How does the rain make you feel?


The monsoon is a tropical concept. Something that exists in imaginations of exotic, underdeveloped and far away destinations. I heard stories of torrential rainfall for days on end and it seemed romantic and like something Gabriel Garcia Marquez would create a novel out of. The monsoon is defined as a “seasonal reversing wind accompanied by corresponding changes in precipitation”. Could the reversal of winds be somehow linked to a reversal or change in perception?

On one side, the Bombay monsoons are as far away from romantic as you can imagine. This is my first experience of such immense and dramatic rainfall, and it’s only day one. There have been dire floods and rains so strong that houses collapse, however once you move beyond the physical, there seems to be something more emotional connected to rainfall.

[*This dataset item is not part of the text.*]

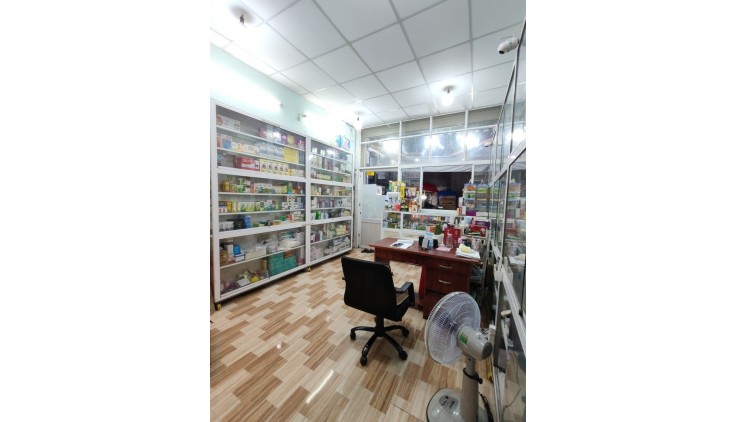 Nhà mặt tiền Nguyễn Thị Huê, Bà Điểm, Hóc môn, 76m2, giá 6 tỷ 8 TL.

Water is a cleansing force and rain is understood as washing away (I’m going to stay away from the millions of homes, lives and livelihoods that have been washed away by the rain) the past, the summer heat, a season, a feeling. It’s quixotic to feel the rain washing away old memories but there is something so innate about the sound of rainfall that you almost imagine life begins anew.

The wet earth gives rise to new life and new stories. Whether it’s washing off the caked dry summer dust or giving rise to fauna and flora; the rain has a really cleansing effect. The sentiments associated with this can range from claustrophia and damp confinement to freedom and regeneration. Either way, the rain elicits such a barrage of emotions; especially when it is inundatory and new. The first rain exposes this range of emotions and feelings. The overcast shadows and slowing down of natural life is so well suited to contemplation that it isn’t surprising how poetic the English find their gloomy climate.

In keeping with the positive energy I feel in Bombay, this is probably the first time I’ve even considered a 24 hour downpour to be anything more than an extreme nuisance to daily life. The thought of renewal seems so obvious that I can’t help but feel lighter.